You say the research necessary to write your novel was “purely pleasurable.” On a scale of 1 to 10, where would you rank research, and where writing?
I’ll rate researching a 10. Reading the historical accounts of the stories I grew up with was consistently fascinating. Almost always there were details to be gleaned or bits of misinformation to be cleared up. I consulted many experts—librarians, archivists, historians, curators—and found myself, time and again, warmed by their generosity and inspired by the treasure-troves of information they imparted. When it comes to the “research” hours I spent walking the meandering pathways of the glen or watching the mist rise above the falls, I cannot really claim a single one as work. Not so for writing.
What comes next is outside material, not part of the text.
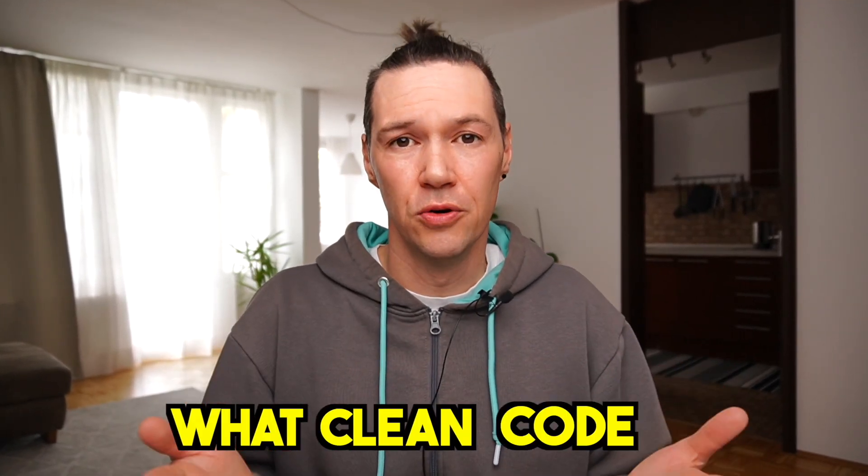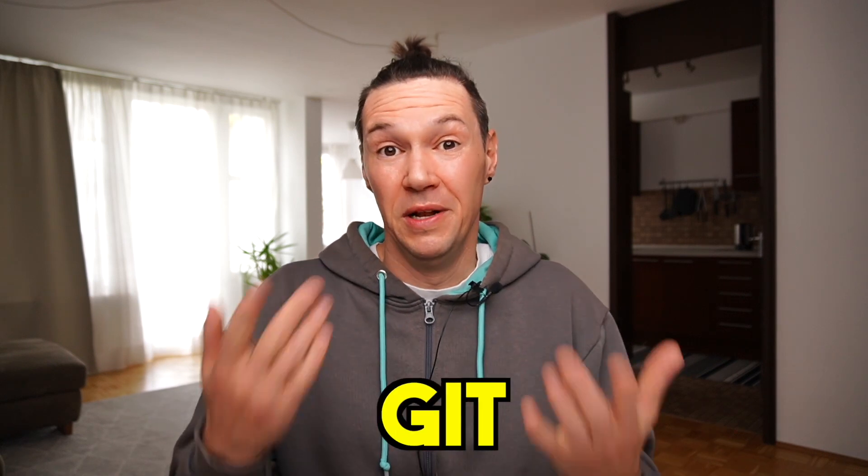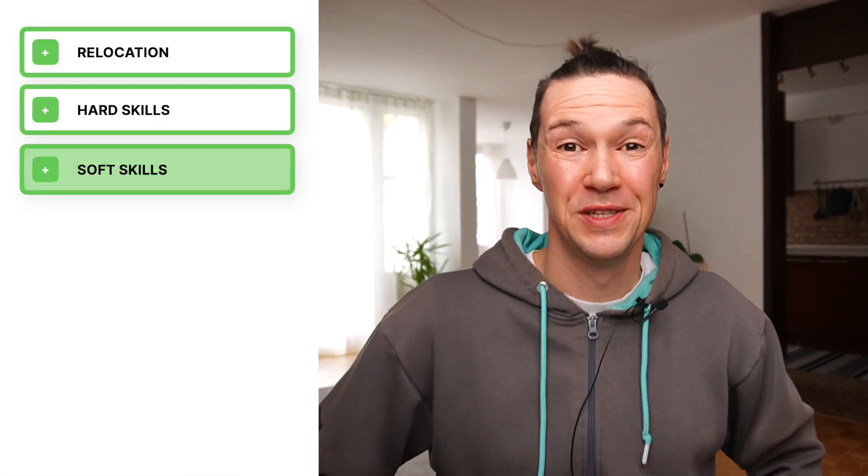Another thing: you should know as much as possible about what clean code is. If you don't know, just Google it — I've also left a pretty good summary about this concept in the pinned comment to this video. You should be able to confidently work with Git; the person who messes up with Git will make a lot of trouble for the whole team. You should know the basics of Scrum — not mandatory, but at least the basics. And it's very desirable that you know what CI/CD is and what the difference between the two is.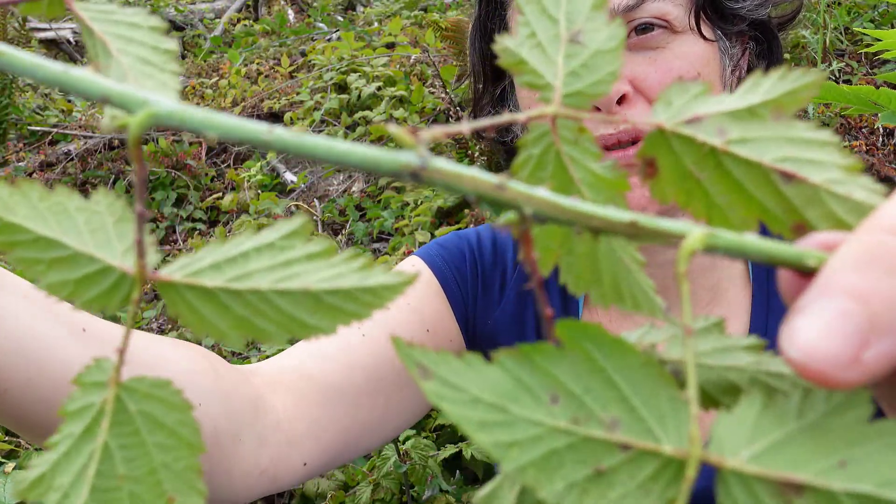The featured plant is trailing blackberry, also known as Rubus ursinus. This blackberry is the only native blackberry in the region and, as its name suggests, it grows along the ground trailing.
While composing a story is mostly pleasurable—I’ll give it an 8—there is nothing pleasant about cutting a passage it took a month to write or reworking a chapter for the tenth time.
Do you see the character Bess as a heroine,
At one point in the story, we hear from Bess, who has just watched Isabel brazenly flirt with a boy: “I envy Isabel. I envy her nerve, her get-up-and-go, her readiness to shape her world. I only watch for Tom. For over a week. From the veranda, from the yard, from the window of the sewing room.” Bess longs to be more like Isabel and is critical of her own lack of pluck. As the story moves forward, readers see Bess developing a resolve in keeping with Isabel’s. In fact, after Bess goes to the newspaper, Kit tells her she is getting to be more like Isabel. With this brave act Bess becomes a true heroine.
Bess struggled with her faith after losing Isabel. Can you discuss?
At one point, after the loss of Isabel, Bess says, “It is in these moments of despair I most miss the idea of God, the idea that life has meaning, the idea that we are something more than the products of the random variations and natural selection Charles Darwin put forth.” Her faith has disappeared, and she is anguished. By the end of the book, she is leaning toward again accepting the existence of the mystical and glimpses “the flickering sliver of light that says Isabel has been with us all along, that Tom is with us still.” This notion is reminiscent of Tom’s conviction that Fergus was, in some way, always with him. In my mind, it’s what Tom wants for Bess—for her to continue to feel his presence—when he says, “Believe in me, Bess,” and, knowing the odds are stacked against him, plunges into the whirlpool.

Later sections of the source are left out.